9. What are my data privacy rights?
Depending on the applicable legal basis, you have different rights. Insofar as the Swiss Data Protection Law applies, your rights are determined by this law’s regulations.
Insofar as the GDPR applies, the following applies:
Each data subject has the right to receive information pursuant to Art. 15 GDPR, the right to correction pursuant to Art. 16 GDPR, the right to erasure pursuant to Article 17 GDPR, the right to restriction of the processing pursuant to Art. 18 GDPR, the right to objection according to Art. 21 GDPR and the right to data portability pursuant to Art. 20 GDPR. If you state your objection, we will cease the processing of your personal data, unless we can prove compelling reasons for the processing that qualify for protection and override your interests, rights and freedoms, or if the processing serves the purpose of the assertion or enforcement of or defence against legal claims.
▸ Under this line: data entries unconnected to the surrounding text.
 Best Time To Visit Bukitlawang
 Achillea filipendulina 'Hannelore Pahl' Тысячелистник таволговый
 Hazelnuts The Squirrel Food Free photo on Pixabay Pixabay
If you object to the processing for the purposes of direct marketing, we will no longer process your personal data for these purposes. The objection can be declared formlessly and if possible, it should be directed to: email@example.com
If you believe that processing by us violates the applicable data protection laws, you can contact us (see contact details under Section 1) or lodge a complaint with a competent data protection supervisory authority (Article 77 GDPR).
10. Do I have an obligation to provide data?
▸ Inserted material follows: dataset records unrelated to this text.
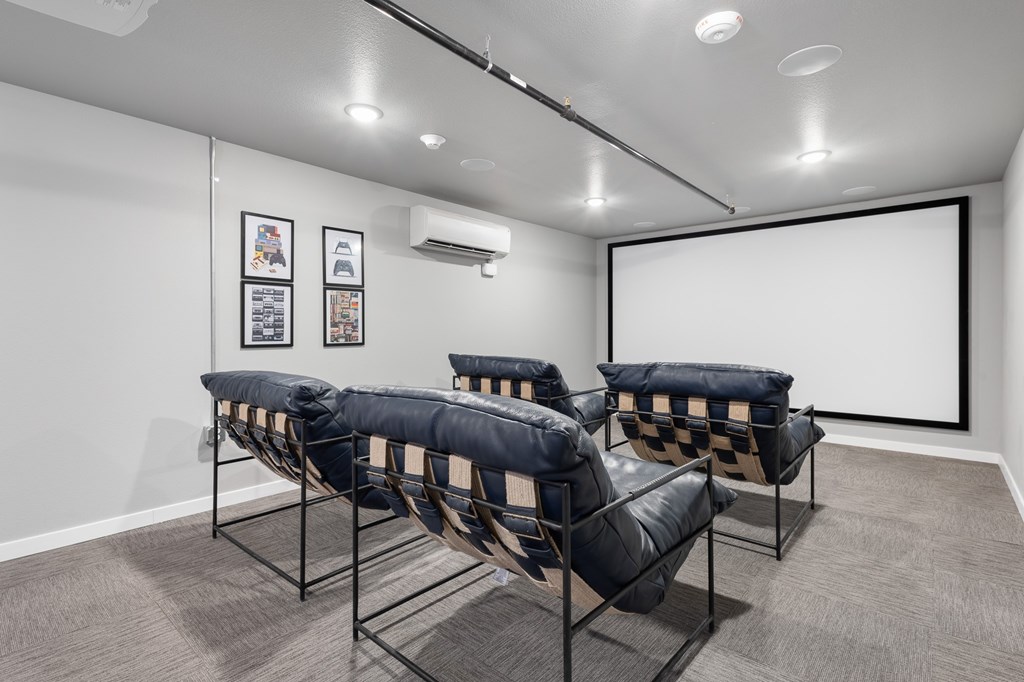 Movie Room Chairs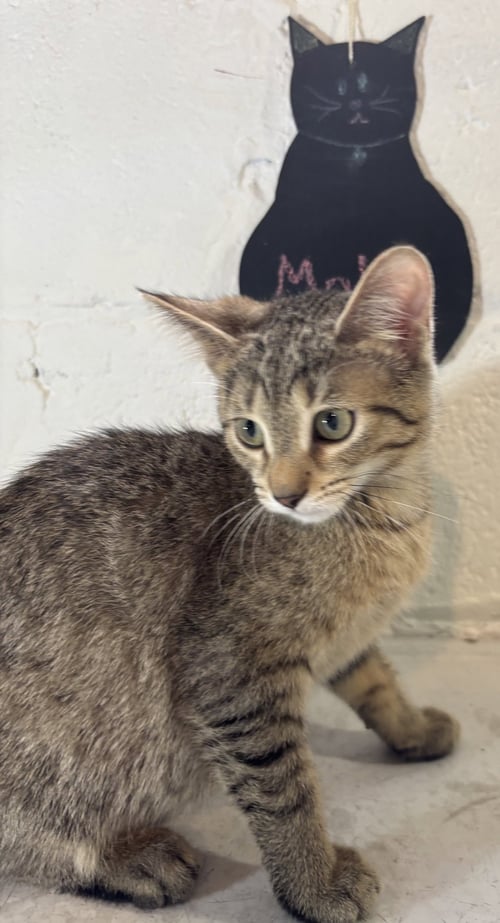 MOLLY - Domestic Short Hair available for adoption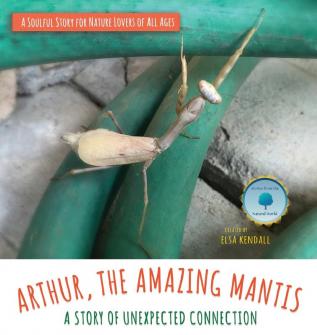 Arthur The Amazing Mantis: A Story of Unexpected Connection: 1 (Stories from the Natural World)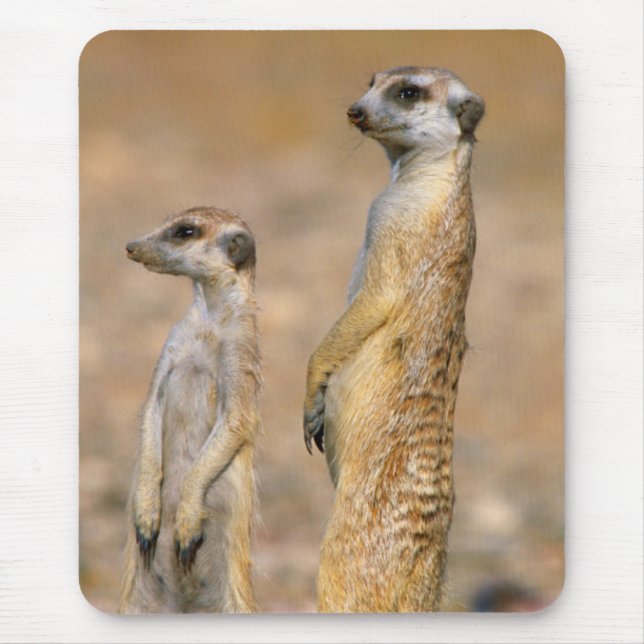 Mergaser (Suricata Suricatta) vaktposter, Karas Musmatta (Framsidan)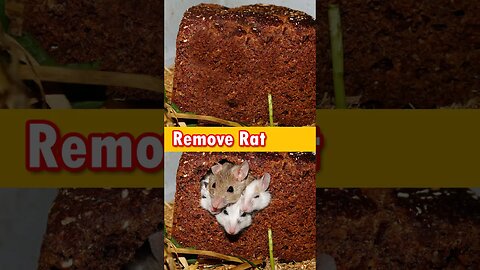 remove rat from image in photoshop tutorials in photoshop for begginers #photoshop #shorts #youtube
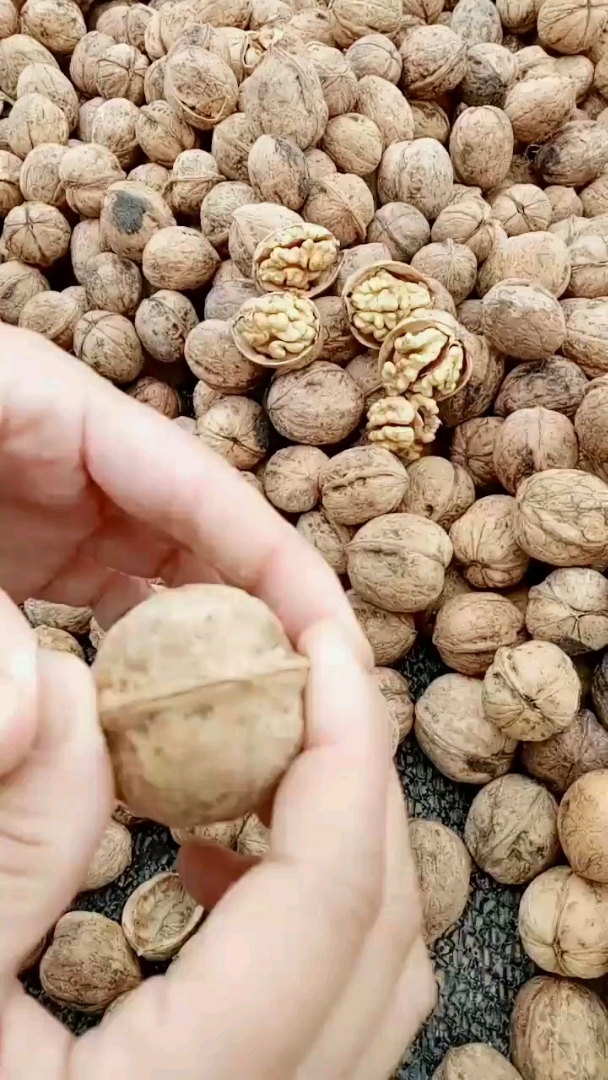 这核桃皮薄又好吃!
Within the scope of our business relationship, you need to provide the personal data that are required for the commencement and implementation of the business relationship and the fulfilment of the related contractual obligations or the data that we are legally obligated to gather. Without these data, we will usually not be able to conclude or execute a contract with you.
11. To what extent does an automated decision-making process take place?
For the purpose of establishing and implementing the business relationship, we generally do not use any fully automated decision-making process according to Article 22 GDPR. If we were to use such processes in individual cases, we would inform you about this separately provided that this is legally mandated.
12. Tracking cookies
The website of the Hotel Banana City uses so-called tracking cookies. They are used to register your IP address, the website from which you were referred to us, and the type of the browser software used, and the pages of the Hotel Banana City website that you are visiting at the moment including the date and duration of the visit. Such tracking data do not permit any conclusions as to individual users, which is why no persons can be identified based on these data.
Cookies are files that are set and stored in a computer system by an internet browser. The data subject can prevent at any time that cookies are stored by our website by means of a corresponding adjustment in the settings of the web browser used and can thereby object permanently to the setting of cookies. In addition, cookies already set can be deleted at any time via a web browser or other software program.
13. Plug-ins of social media platforms
Plug-ins of various third-party providers of social media platforms (Facebook, Google+, Tripadvisor, etc.) are embedded on the websites of the Hotel Banana City. When calling up a webpage on which plug-ins of such third-party providers are placed, data can be transmitted to the third-party providers through these plug-ins. If the visitor is simultaneously logged in to the network of the respective third-party provider, the visit on the website can be attributed to the visitor’s user account depending on the provider. The Hotel Banana City has no influence on the way and manner of the data transmission.